# Printing a hood of a hoodie



## MBrhythm (Mar 1, 2007)

It's getting cold and the hoodie orders are coming in. I have a client looking to print their logo on the side of the hood on hoodies. 

Has anyone done this? 
Could you tell me the method you used?

I'll be using a manual press and plasticol ink.

MB


----------



## Teamwear (Mar 12, 2007)

Dark ink on light garment-plastisol one stroke.

If it is a black garment and you do not have a clamp device you may want to use vinyl if the deign will work with vinyl.

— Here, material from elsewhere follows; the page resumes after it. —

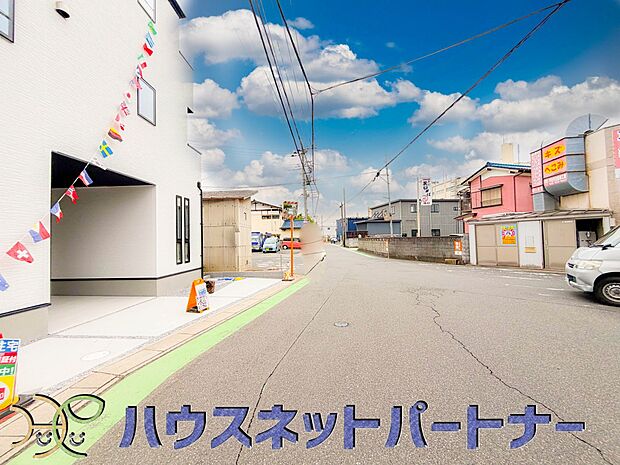 前面道路でお車を駐車するのも楽々。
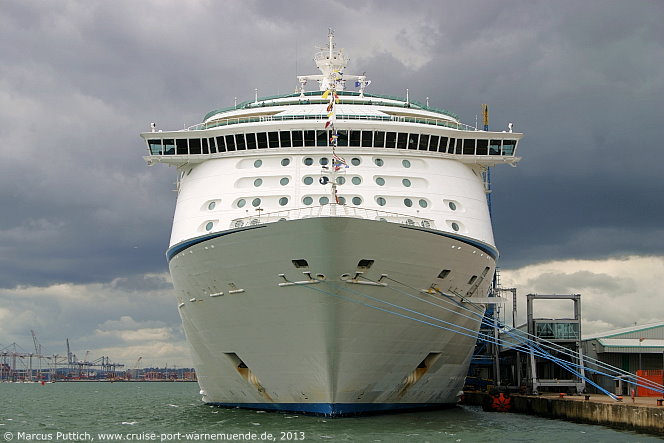Das Kreuzfahrtschiff ADVENTURE OF THE SEAS von der Kreuzfahrtreederei Royal Caribbean International am 13. Juni 2013 in Southampton (England).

Popular placemenr right now though.


----------



## Dan K (Nov 15, 2006)

Your life will be much easier if you purchase hoodies that only have one layer of fabric in the hood. Most of them have two layers, but you can find a few one with layer, I think some American Apparel and some Jerzees.


----------



## kc6789 (Mar 28, 2010)

I'm going to cut my own triangular shaped platen and chop off the sharp edges about an inch or so.


----------



## hawaiianphatboy (Apr 28, 2008)

I just finished an order this week where I printed a two color design on the right side of the hood. Like DK said, try to get a shirt with a single layer hood. I had also made my own small pallets for youth size shirts. I used these pallets and placed the top of the hood on the left side of the pallet and the neck part of the hood on the right side of the pallet. I adjusted the design so when i burned the screen the logo would be sidewards so it would print correctly. The design was gold and white on a black hoody jacket. I printed both colors, flashed, the printed again. It actually came out looking pretty good, and that was the first time that I had ever seen on the side of the hood, but wish I could say it was my idea. It was the clients. Good Luck. Aloha


----------